[PROBLEM TO WORK ON] Restate, word for word and with no pictures, the stretch of lines in the data below that begins at the line with "Eine Holzjagdhaus mit" and ends at the line with "Dr. Lokman Cevik", inclusive.

[DATA FOR ANALYSIS]
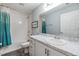 Bathroom with a shower/tub combo, white vanity, and decorative sign at 13814 Harvestwood Ln, Riverview, FL 33569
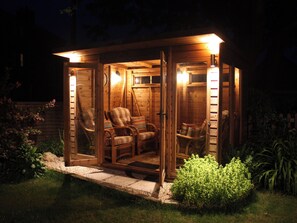 Eine Holzjagdhaus mit Veranda, möbliert mit Korbstühlen und einer Bank, umgeben von einem Garten.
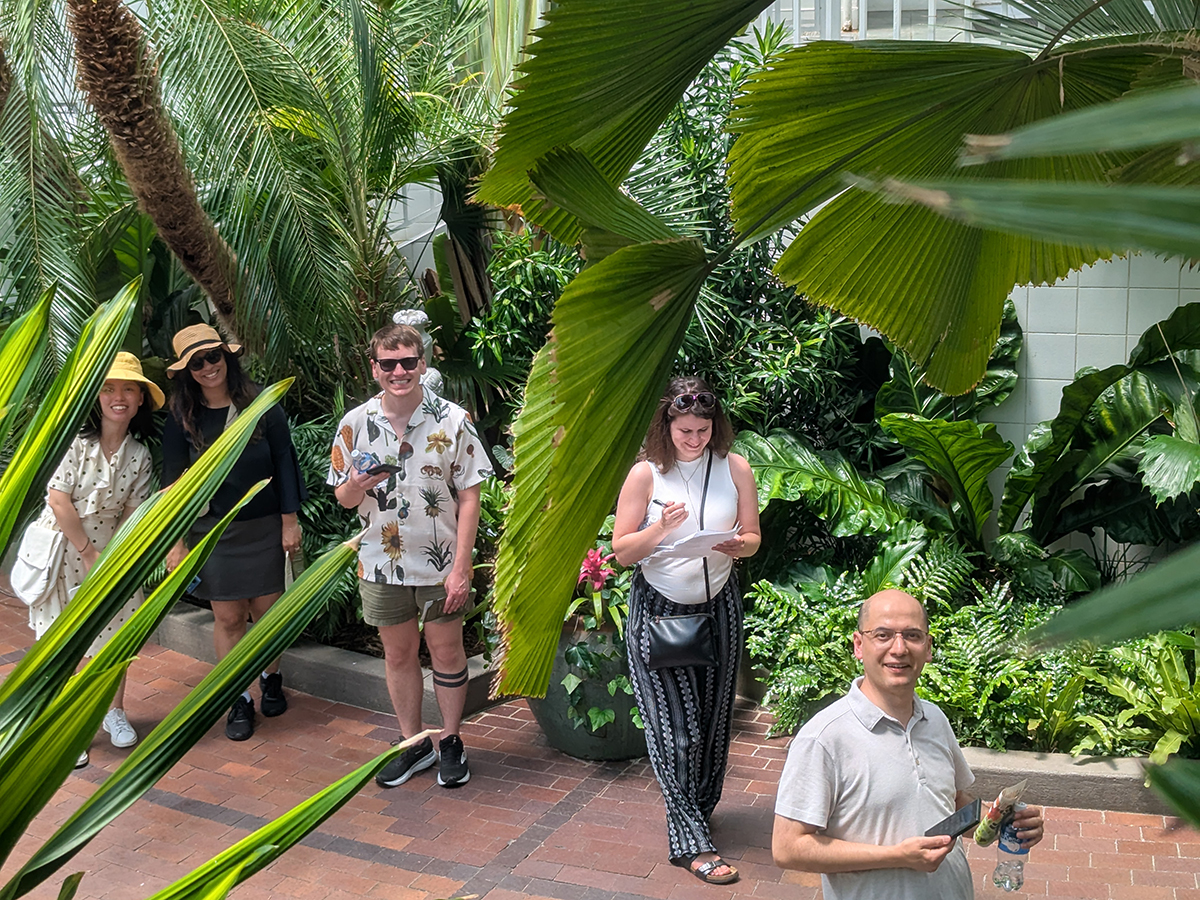 : Pathology trainees on a scavenger hunt at the Franklin Park Conservatory & Botanical Gardens. From left to right: Dr. Wenfang Liu, Dr. Sneha Datwani, Dr. Lucas Bushrow, Dr. Jessica Maupin, and Dr. Lokman Cevik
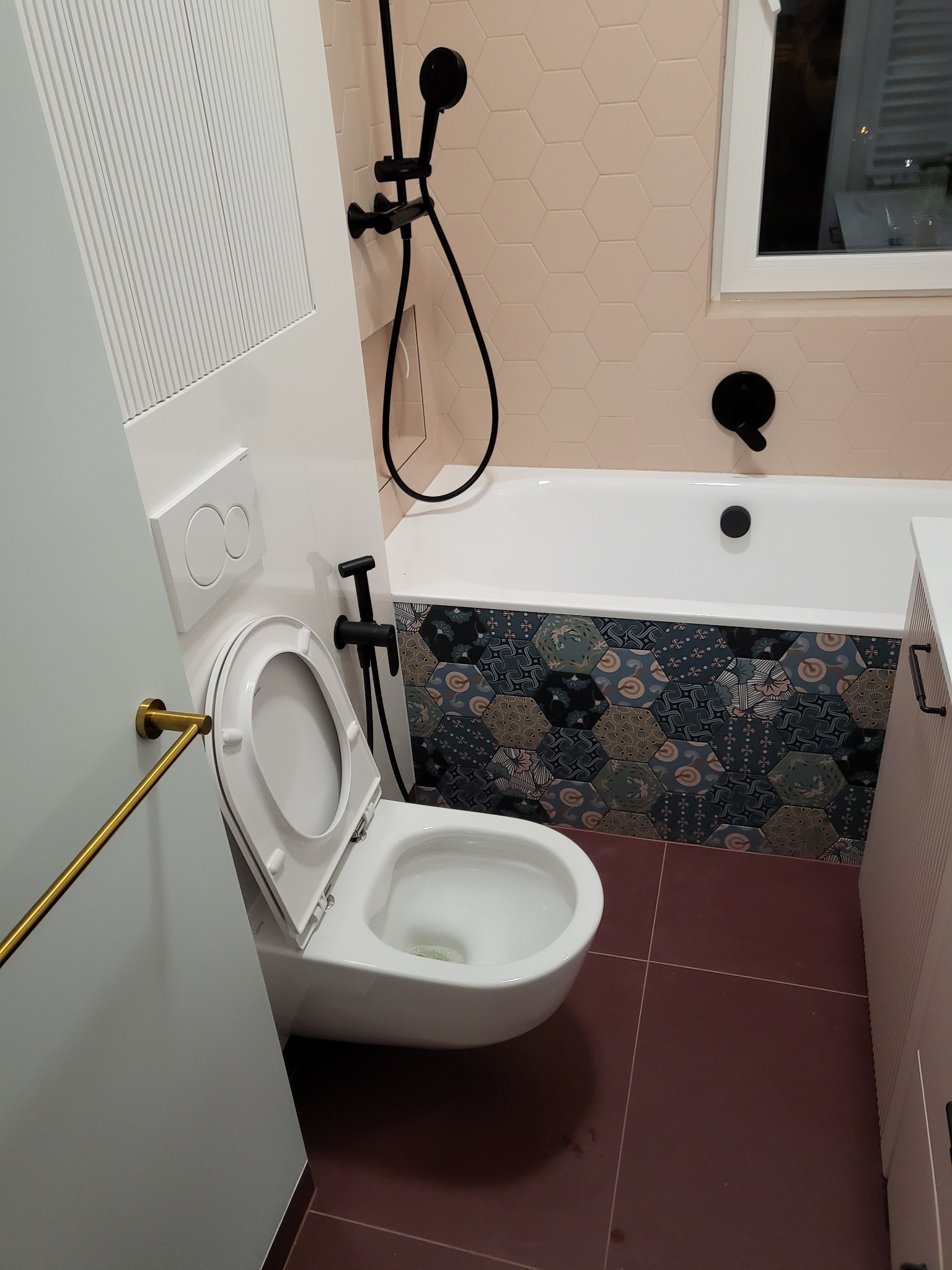 Nowoczesna łazienka z heksagonalnymi płytkami w odcieniach beżu i granatu, czarna armatura, biała wanna i toaleta z otwartą deską, brązowe płytki podłogowe.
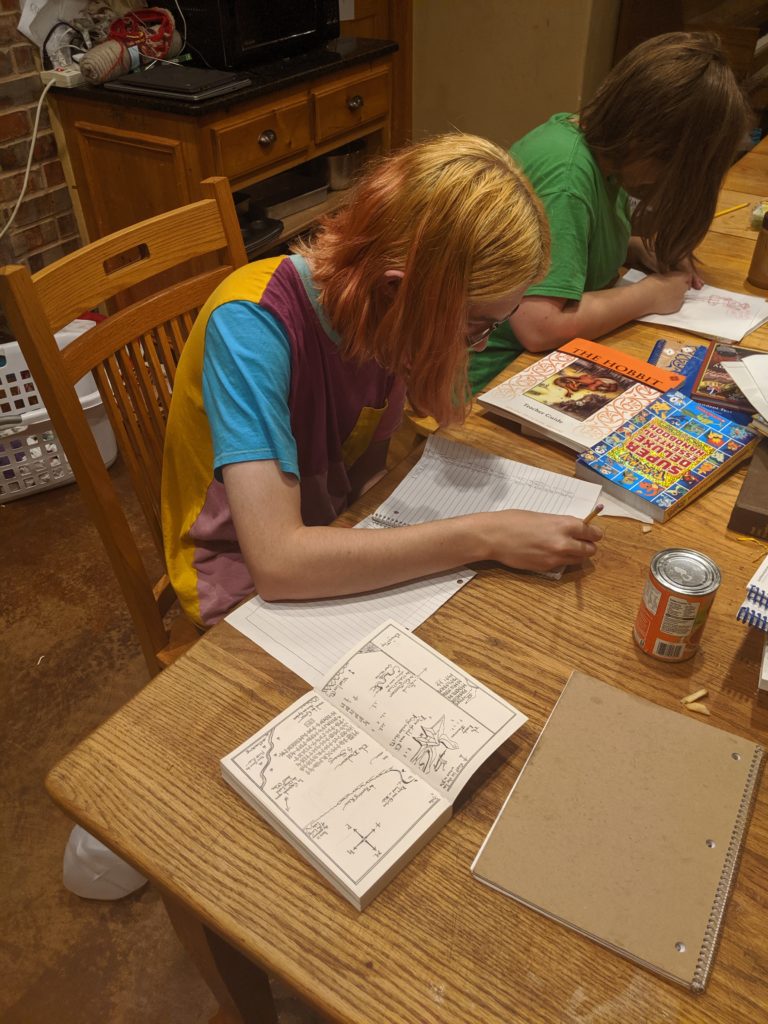 Blond teenager copying a map inscribed with runes from The Hobbit, another teen writing, table covered with books and papers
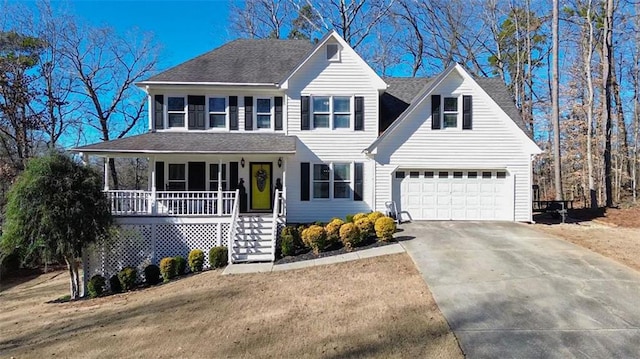 view of front of home featuring a garage, a front lawn, and a porch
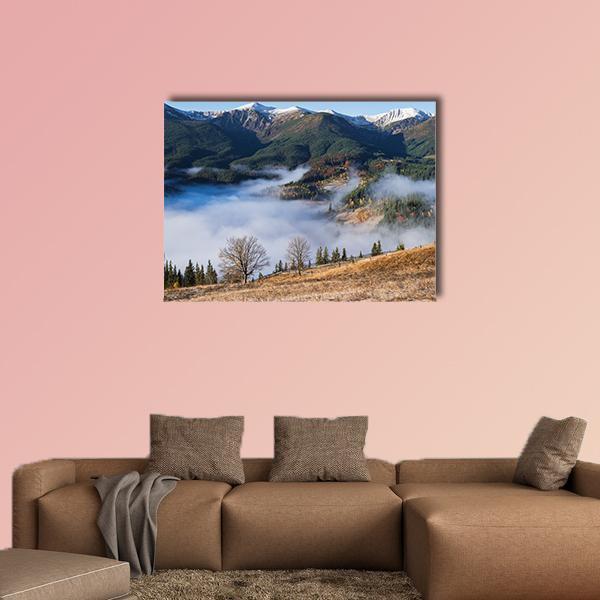 Foggy Mountain Village Canvas Wall Art in white, green and blue, single panel hung on a wall
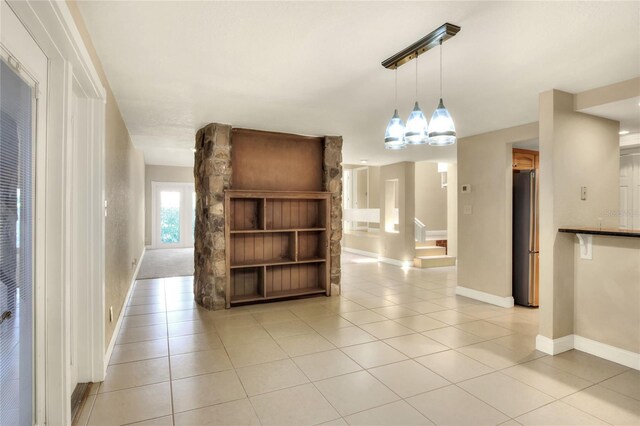 unfurnished living room with light tile patterned floors and a chandelier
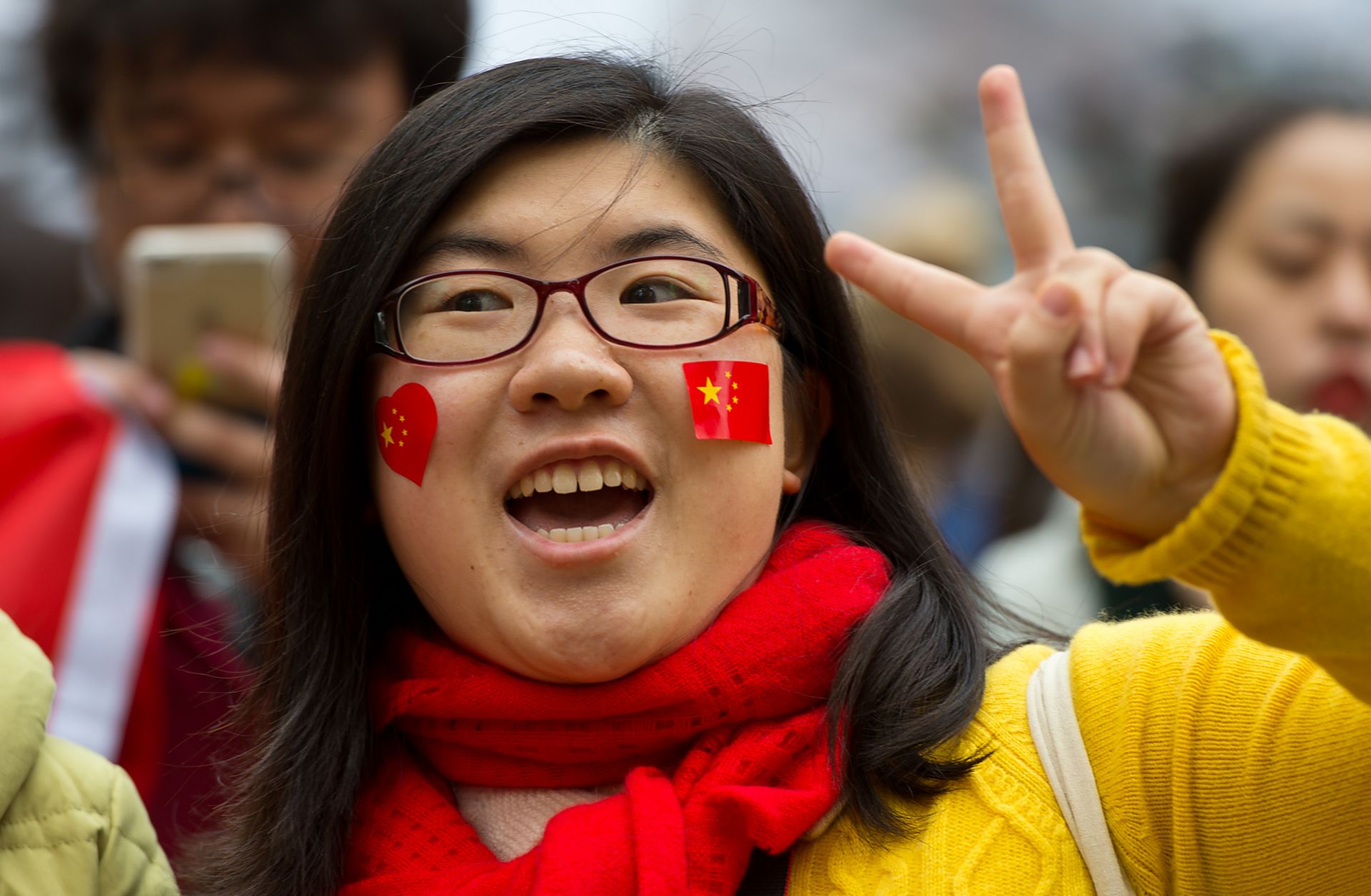 A demonstrator shows support for the Chinese government at a counterprotest held in response to an Amnesty International demonstration over human rights abuses and online censorship in China.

[EXERCISE OUTPUT]
 Eine Holzjagdhaus mit Veranda, möbliert mit Korbstühlen und einer Bank, umgeben von einem Garten.
 : Pathology trainees on a scavenger hunt at the Franklin Park Conservatory & Botanical Gardens. From left to right: Dr. Wenfang Liu, Dr. Sneha Datwani, Dr. Lucas Bushrow, Dr. Jessica Maupin, and Dr. Lokman Cevik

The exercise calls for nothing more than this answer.